* What is required
Skipping the images, transcribe each record below as it is.

* Input material

- Opening Delimiter -

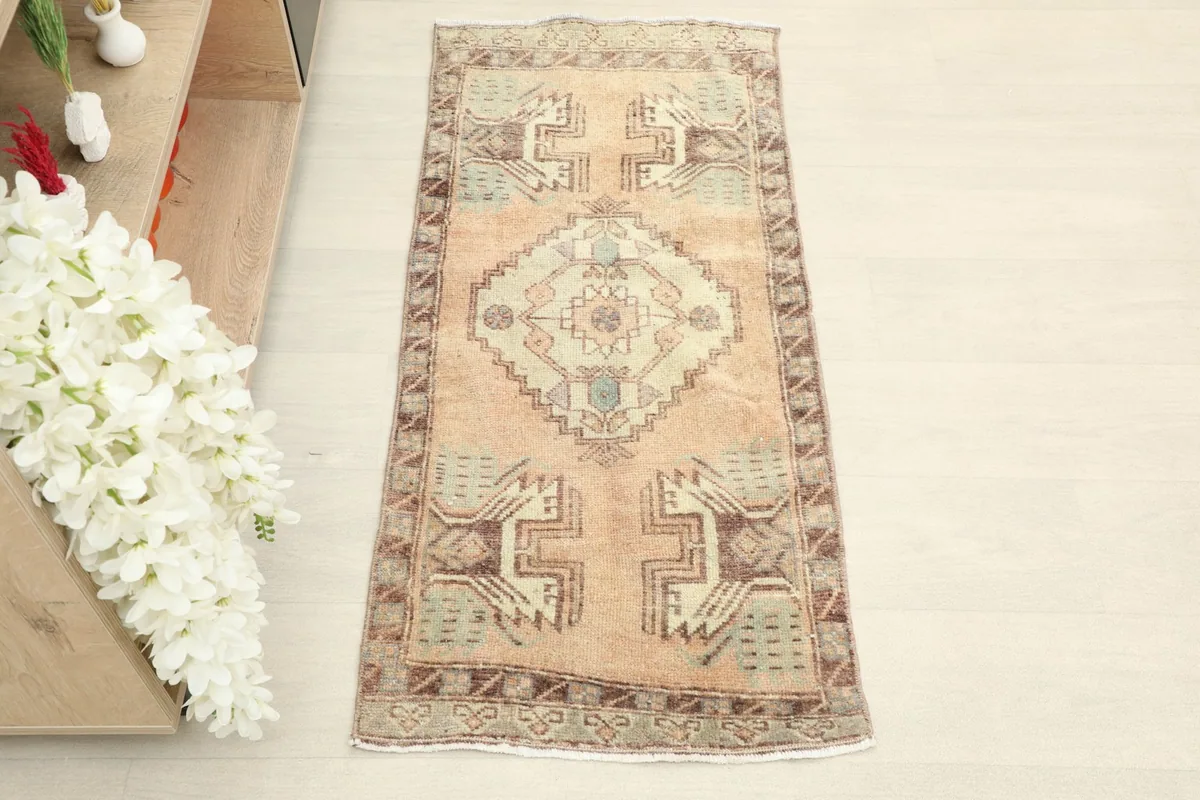 Overhead view of the tan and olive vintage Anatolian rug, showcasing its geometric patterns.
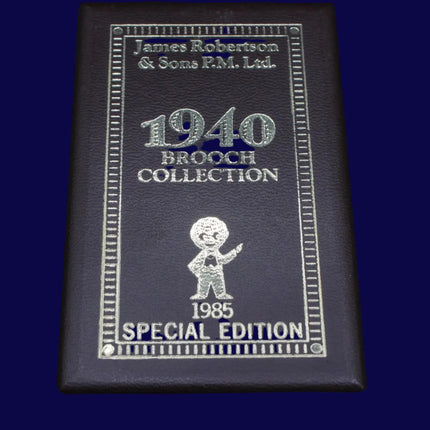 Black leather-bound book titled '1940 Brooch Collection' with engraved text and a Golly brooch illustration on a dark blue background.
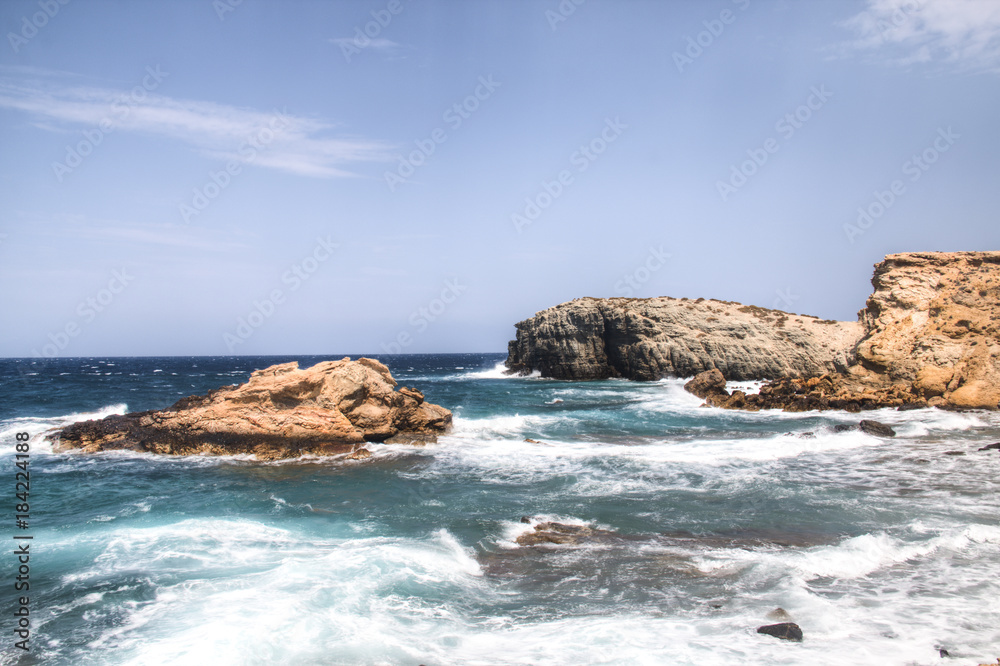 The coastline with rocks on Antiparos, one of the Cyclade islands in Greece
The coastline with rocks on Antiparos, one of the Cyclade islands in Greece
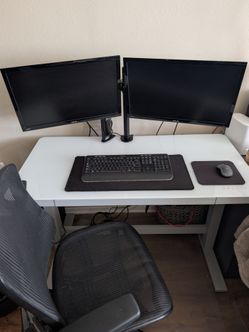 Adjustable height desk + monitors + chair +more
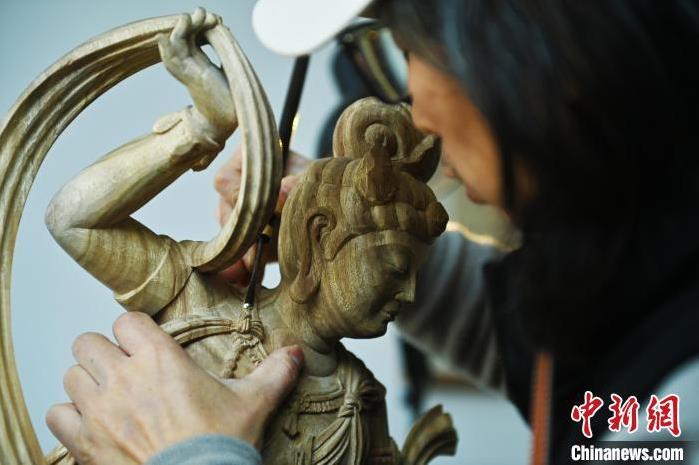 圖為季茂杰進(jìn)行敦煌元素的木雕創(chuàng)作。李亞龍 攝</p>
<p>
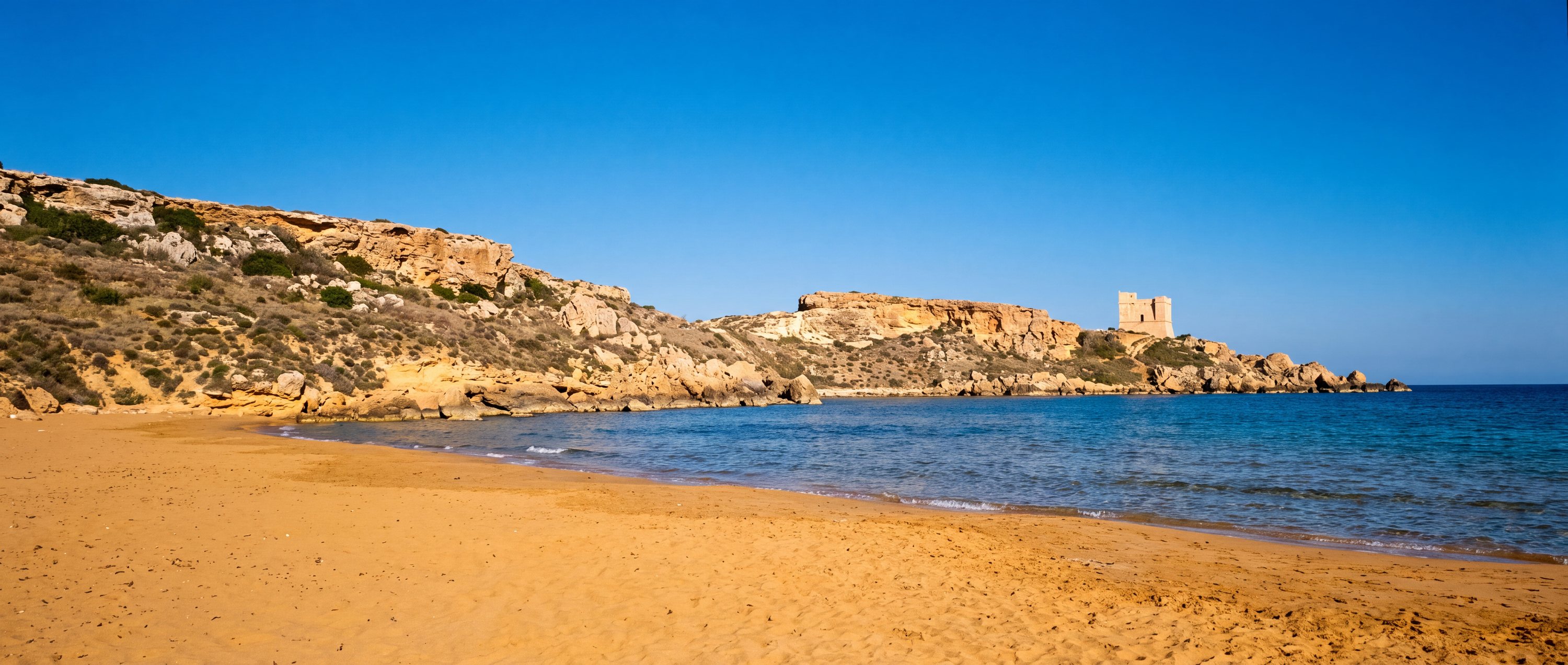 Wide view of Golden Bay, Mellieha, Malta.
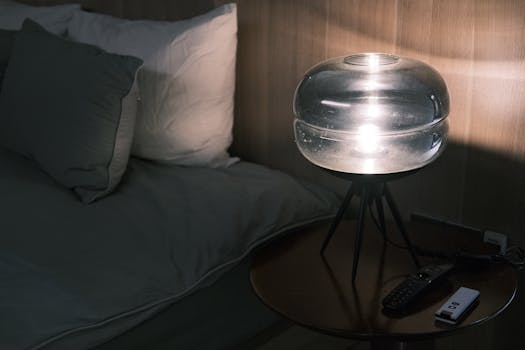 Lampe douce éclairant une table de nuit avec un lit en arrière-plan, créant une ambiance apaisante avant le coucher.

- Closing Delimiter -

* Final answer
 Overhead view of the tan and olive vintage Anatolian rug, showcasing its geometric patterns.
 Black leather-bound book titled '1940 Brooch Collection' with engraved text and a Golly brooch illustration on a dark blue background.
 The coastline with rocks on Antiparos, one of the Cyclade islands in Greece
The coastline with rocks on Antiparos, one of the Cyclade islands in Greece
 Adjustable height desk + monitors + chair +more
 圖為季茂杰進(jìn)行敦煌元素的木雕創(chuàng)作。李亞龍 攝</p>
<p>
 Wide view of Golden Bay, Mellieha, Malta.
 Lampe douce éclairant une table de nuit avec un lit en arrière-plan, créant une ambiance apaisante avant le coucher.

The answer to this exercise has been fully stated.